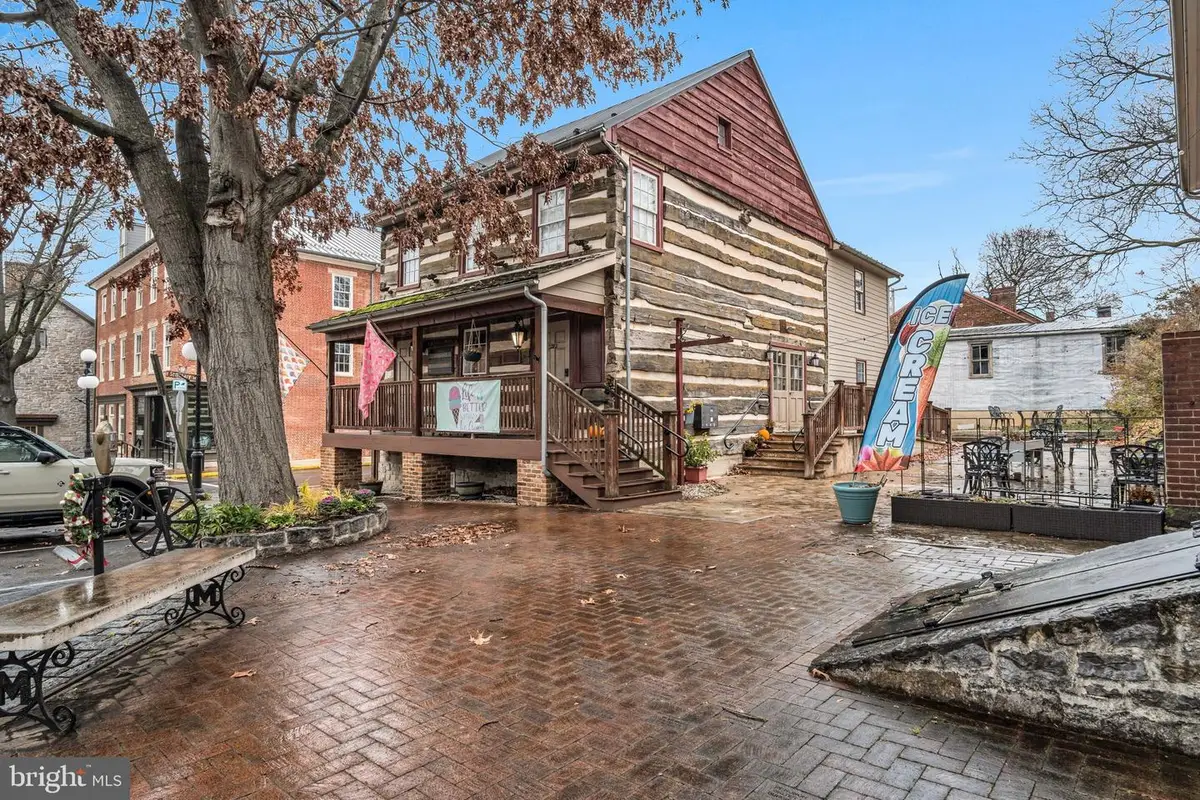 3 S Main Street, Mercersburg, PA 17236 - #1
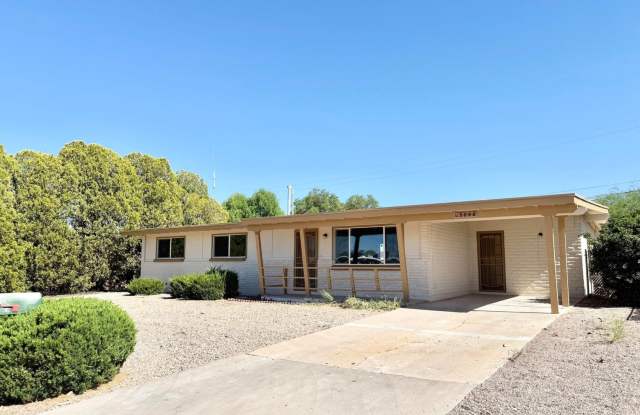 4BR/2BA/2CP, 1698 sq.ft. rental in Sierra Vista, AZ photos photos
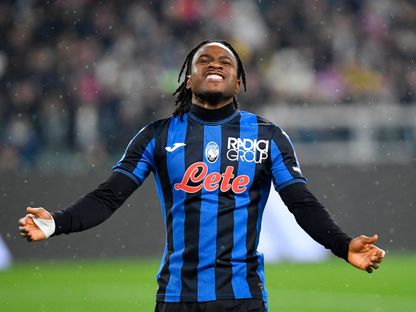 أديمولا لوكمان مهاجم أتالانتا يحتفل بهدفه في شباك يوفنتوس بالدوري الإيطالي - 9 مارس 2025 - Reuters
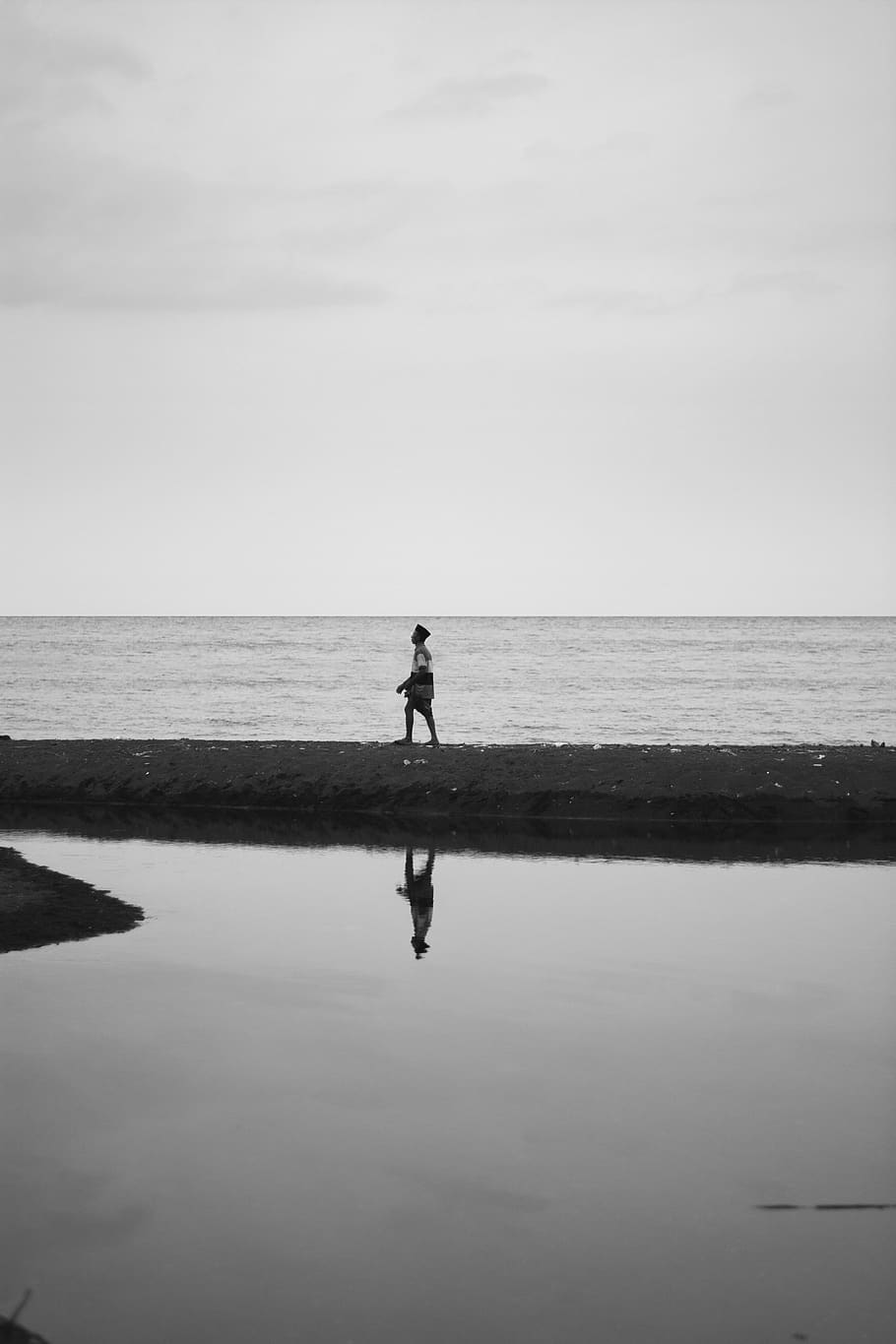 Detail Gambar Pemandangan Pantai Pakai Org Hitam Putih Nomer 41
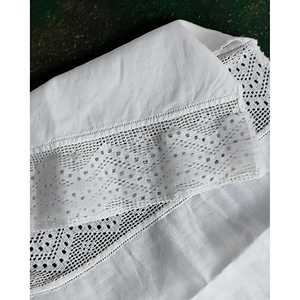 Colección de mantelería y cortinas Daniele F. Linens and Filet - Product Image 4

= = =

- **ABOUT THIS TASK**
Write out all of the records above. Keep them exact and leave out the pictures.

- **OUTPUT FOR THIS EXERCISE**
 3 S Main Street, Mercersburg, PA 17236 - #1
 4BR/2BA/2CP, 1698 sq.ft. rental in Sierra Vista, AZ photos photos
 أديمولا لوكمان مهاجم أتالانتا يحتفل بهدفه في شباك يوفنتوس بالدوري الإيطالي - 9 مارس 2025 - Reuters
 Detail Gambar Pemandangan Pantai Pakai Org Hitam Putih Nomer 41
 Colección de mantelería y cortinas Daniele F. Linens and Filet - Product Image 4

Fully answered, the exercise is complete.